Century of Endeavour

The Richards Orpen Plan

(c)Roy Johnston 2003+

(comments to rjtechne@iol.ie)

[The following is extracted from the final chapter of Joe Johnston's 'Irish Agriculture in Transition', published in 1951 by Basil Blackwell (Oxford) and Hodges Figgis (Dublin). It represented his vision of the 'window of opportunity' for Irish agriculture in the period of post-emergency reconstruction, various feasible aspects of which had been explored in the second section of the book.

It remains unfulfilled, but continues to offer an opportunity for development in a future, more 'green', political environment, in which the current embryonic organic farming, eco-village and local currency movements might begin to thrive synergetically.

For ease of screen display I have divided some of the longer paragraphs. RJ May 2000.]

Some valuable suggestions...... were made by Senator Richards Orpen, in a paper on "Post-War Planning in Irish Agriculture," which concluded a series of articles by different authors in the "Irish Independent" in 1943. He advocates a system of what he calls "Economic Farm Units," each one serving a region of some 1,500 acres.

In a paper read by the present writer to the Statistical and Social Inquiry Society of Ireland, on 27th November, 1947, his suggestions were adopted with some modifications. It will be convenient at this stage to quote at length from the paper referred to.

The variety of our climate, soil, and geographical conditions is such that probably no two 'Economic Farm Units' or Co-operative Farming Societies would be identical in function and activities. A working example already exists. The Mitchelstown Creamery exploits a farm of 160 acres at Mitchelstown connection with its cheese factory. It maintains a large pool of agricultural machinery, not only for use on the collective farm but for hiring out to its members for use in their own farms. It grinds corn for the members, and maintains a store in which it sells agricultural requisites. Its total turnover now exceeds £1 million per annum, and it is undoubtedly the dominant factor in the prosperity of the rural community within a radius of five or ten miles.

For the maximum development of the possibilities inherent in this movement, it is desirable that the collective farm should be conveniently near the creamery which owns it. Unfortunately in some cases they are some miles apart. It is also desirable that a big house or mansion should be available on the farm to accommodate the farm manager and the celibate working staff. Life in common is in itself a valuable education.

Given suitable residential accommodation, such farms could in some cases become perhaps high schools, analogous to the Danish Folk Schools. A floating population of young farmers could thus pass through them and return to their respective neighbourhoods with their vision enlarged, their imagination quickened, and their sympathies deepened.

The Mitchelstown Farm has no mansion on it. The former abode of the Earls of Kingston did not survive till our day. This limits its possibilities of development in the cultural and educational sense, which is highly desirable. But such as it is, it may be regarded, at least in the economic sense, as a good working model of the kind of 'Economic Farm Unit' which Captain Orpen envisages for every appropriate centre in our heterogeneous agricultural regions.

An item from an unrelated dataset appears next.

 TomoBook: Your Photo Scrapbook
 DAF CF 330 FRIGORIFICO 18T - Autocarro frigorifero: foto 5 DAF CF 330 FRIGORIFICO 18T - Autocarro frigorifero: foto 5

Needless to say, if our agriculture were fully organised on these lines, there would be as much variety in the functions and activities of the various Economic Farm Units as there is variety in the character of our agricultural resources and in the geographical and human conditions of the various areas. Making allowance for this, the general picture may he given in Captain Orpen's own words:--

"The method which looks most promising as regards this country may be called the 'Economic Farm Unit.' I propose to describe this system in some detail, as it has features of interest peculiar in itself. The Unit is composed of a centre and subsidiary parts, and the area may be anything from one thousand to twenty thousand acres, depending on local circumstances.

"First let us take the Centre. This may be a large farm or a group of smaller farms willing to co-operate with one another, or it may in certain cases be a central processing organisation according to the farming practised in the area. We will consider first the Centre in a tillage area where the chief cash crop is grain. The Centre will have the necessary equipment for growing and handling grain in bulk, tractors, tillage, harvesting and thrashing implements (or 'combines' and grain-dryers).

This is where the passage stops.